-------- DATA SEGMENT

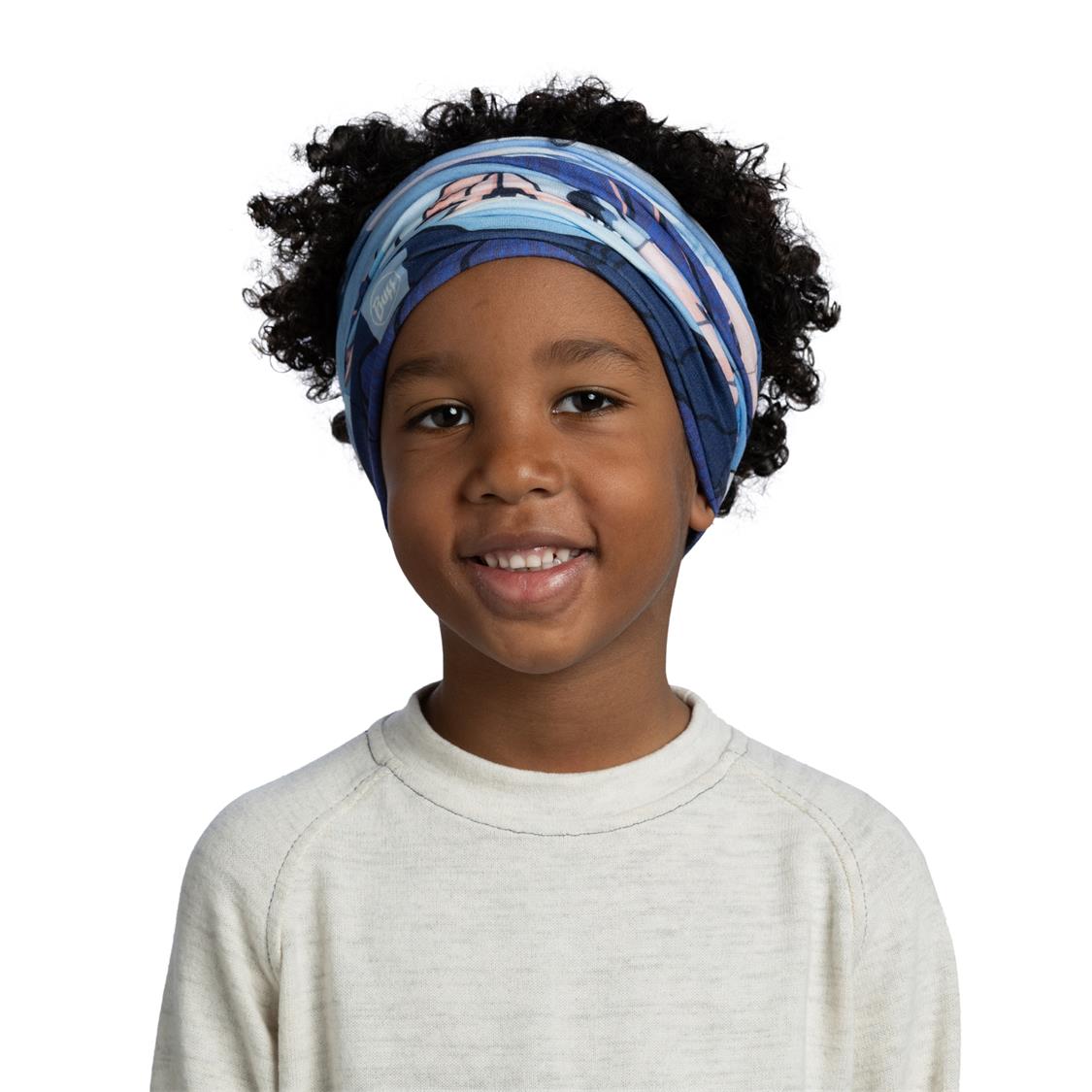 JR Or POW Riam Blue -136886.707_15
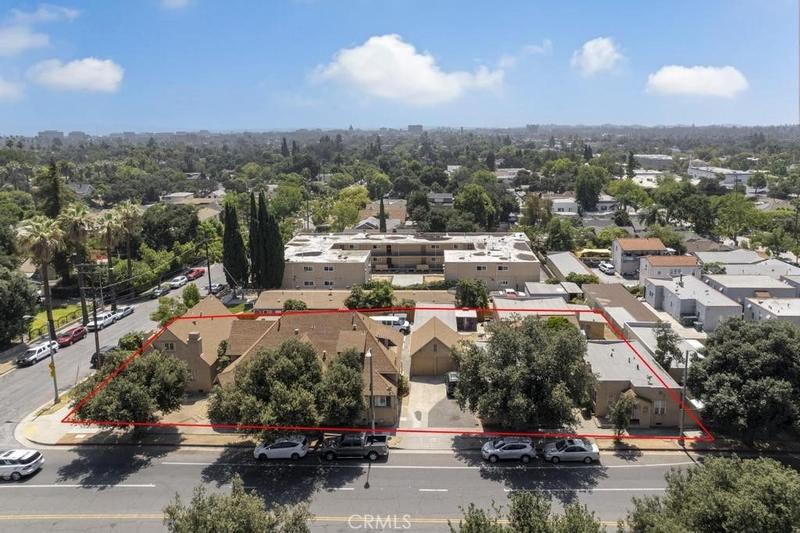 Pasadena, Los Angeles County, CA House for sale Property ID: 418797191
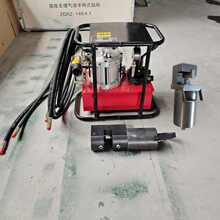 22/28����ê��ê���ж��� ����Ƭ ����Һѹ��˿����ͷ �ֶ����ϻ�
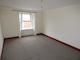 Property photo 1 of 4 Lounge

----------------

WHAT YOU WILL DO: With the pictures set aside, write out the whole listing exactly.

WRITTEN SOLUTION:
 JR Or POW Riam Blue -136886.707_15
 Pasadena, Los Angeles County, CA House for sale Property ID: 418797191
 22/28����ê��ê���ж��� ����Ƭ ����Һѹ��˿����ͷ �ֶ����ϻ�
 Property photo 1 of 4 Lounge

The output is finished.